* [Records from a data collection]
★ ★ ★

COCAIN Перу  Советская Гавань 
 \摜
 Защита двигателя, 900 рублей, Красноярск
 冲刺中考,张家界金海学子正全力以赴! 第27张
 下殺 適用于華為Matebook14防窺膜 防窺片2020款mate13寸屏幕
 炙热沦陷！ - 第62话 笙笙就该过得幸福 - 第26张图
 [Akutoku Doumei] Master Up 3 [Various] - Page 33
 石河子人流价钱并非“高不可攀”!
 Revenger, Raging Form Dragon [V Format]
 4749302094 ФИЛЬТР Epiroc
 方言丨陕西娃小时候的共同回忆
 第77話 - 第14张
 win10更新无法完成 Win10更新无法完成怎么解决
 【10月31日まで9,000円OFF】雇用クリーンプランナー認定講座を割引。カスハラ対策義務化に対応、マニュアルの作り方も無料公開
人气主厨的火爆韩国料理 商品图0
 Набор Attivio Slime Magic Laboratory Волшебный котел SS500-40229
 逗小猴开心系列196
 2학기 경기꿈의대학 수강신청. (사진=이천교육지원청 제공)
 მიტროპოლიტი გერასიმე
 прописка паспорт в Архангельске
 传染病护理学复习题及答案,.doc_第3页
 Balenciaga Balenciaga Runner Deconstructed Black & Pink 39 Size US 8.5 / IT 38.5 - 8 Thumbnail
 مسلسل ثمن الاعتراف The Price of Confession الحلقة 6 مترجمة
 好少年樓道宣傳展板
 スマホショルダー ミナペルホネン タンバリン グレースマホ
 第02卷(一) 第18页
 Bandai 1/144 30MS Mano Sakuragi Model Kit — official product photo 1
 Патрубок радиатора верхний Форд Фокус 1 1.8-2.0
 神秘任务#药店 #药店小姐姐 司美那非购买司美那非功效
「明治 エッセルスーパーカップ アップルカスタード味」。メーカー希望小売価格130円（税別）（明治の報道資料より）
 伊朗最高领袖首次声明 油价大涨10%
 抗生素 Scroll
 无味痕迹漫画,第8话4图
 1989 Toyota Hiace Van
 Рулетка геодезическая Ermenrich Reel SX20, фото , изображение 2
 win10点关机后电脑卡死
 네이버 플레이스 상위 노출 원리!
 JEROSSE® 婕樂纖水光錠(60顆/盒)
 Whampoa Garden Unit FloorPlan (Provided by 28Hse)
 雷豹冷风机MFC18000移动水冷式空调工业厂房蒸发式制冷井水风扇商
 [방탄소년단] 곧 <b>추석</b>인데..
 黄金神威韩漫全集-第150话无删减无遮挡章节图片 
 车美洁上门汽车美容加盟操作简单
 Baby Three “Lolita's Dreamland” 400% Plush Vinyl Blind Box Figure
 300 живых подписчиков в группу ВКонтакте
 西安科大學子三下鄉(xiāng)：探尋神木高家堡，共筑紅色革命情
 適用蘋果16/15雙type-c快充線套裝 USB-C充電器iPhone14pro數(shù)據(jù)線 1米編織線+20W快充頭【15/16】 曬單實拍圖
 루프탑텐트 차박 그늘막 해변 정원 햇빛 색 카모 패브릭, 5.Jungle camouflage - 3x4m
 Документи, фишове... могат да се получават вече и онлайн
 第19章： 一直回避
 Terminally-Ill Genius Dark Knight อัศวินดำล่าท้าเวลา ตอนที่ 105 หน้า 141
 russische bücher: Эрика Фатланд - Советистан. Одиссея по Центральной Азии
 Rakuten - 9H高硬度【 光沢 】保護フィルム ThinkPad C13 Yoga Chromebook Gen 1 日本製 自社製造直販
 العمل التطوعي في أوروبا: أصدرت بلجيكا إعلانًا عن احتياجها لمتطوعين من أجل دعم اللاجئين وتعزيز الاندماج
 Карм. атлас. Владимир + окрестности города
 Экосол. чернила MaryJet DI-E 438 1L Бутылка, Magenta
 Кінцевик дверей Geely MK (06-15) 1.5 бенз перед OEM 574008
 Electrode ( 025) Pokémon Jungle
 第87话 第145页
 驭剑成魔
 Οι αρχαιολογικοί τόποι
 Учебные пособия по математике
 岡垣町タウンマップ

★ ★ ★

* [WORK TO COMPLETE]
Using the data above, repeat exactly the lines that begin at the line with "人气主厨的火爆韩国料理 商品图0" and end at the line with "Документи, фишове... могат", both ends included.

* [FINAL ANSWER]
人气主厨的火爆韩国料理 商品图0
 Набор Attivio Slime Magic Laboratory Волшебный котел SS500-40229
 逗小猴开心系列196
 2학기 경기꿈의대학 수강신청. (사진=이천교육지원청 제공)
 მიტროპოლიტი გერასიმე
 прописка паспорт в Архангельске
 传染病护理学复习题及答案,.doc_第3页
 Balenciaga Balenciaga Runner Deconstructed Black & Pink 39 Size US 8.5 / IT 38.5 - 8 Thumbnail
 مسلسل ثمن الاعتراف The Price of Confession الحلقة 6 مترجمة
 好少年樓道宣傳展板
 スマホショルダー ミナペルホネン タンバリン グレースマホ
 第02卷(一) 第18页
 Bandai 1/144 30MS Mano Sakuragi Model Kit — official product photo 1
 Патрубок радиатора верхний Форд Фокус 1 1.8-2.0
 神秘任务#药店 #药店小姐姐 司美那非购买司美那非功效
「明治 エッセルスーパーカップ アップルカスタード味」。メーカー希望小売価格130円（税別）（明治の報道資料より）
 伊朗最高领袖首次声明 油价大涨10%
 抗生素 Scroll
 无味痕迹漫画,第8话4图
 1989 Toyota Hiace Van
 Рулетка геодезическая Ermenrich Reel SX20, фото , изображение 2
 win10点关机后电脑卡死
 네이버 플레이스 상위 노출 원리!
 JEROSSE® 婕樂纖水光錠(60顆/盒)
 Whampoa Garden Unit FloorPlan (Provided by 28Hse)
 雷豹冷风机MFC18000移动水冷式空调工业厂房蒸发式制冷井水风扇商
 [방탄소년단] 곧 <b>추석</b>인데..
 黄金神威韩漫全集-第150话无删减无遮挡章节图片 
 车美洁上门汽车美容加盟操作简单
 Baby Three “Lolita's Dreamland” 400% Plush Vinyl Blind Box Figure
 300 живых подписчиков в группу ВКонтакте
 西安科大學子三下鄉(xiāng)：探尋神木高家堡，共筑紅色革命情
 適用蘋果16/15雙type-c快充線套裝 USB-C充電器iPhone14pro數(shù)據(jù)線 1米編織線+20W快充頭【15/16】 曬單實拍圖
 루프탑텐트 차박 그늘막 해변 정원 햇빛 색 카모 패브릭, 5.Jungle camouflage - 3x4m
 Документи, фишове... могат да се получават вече и онлайн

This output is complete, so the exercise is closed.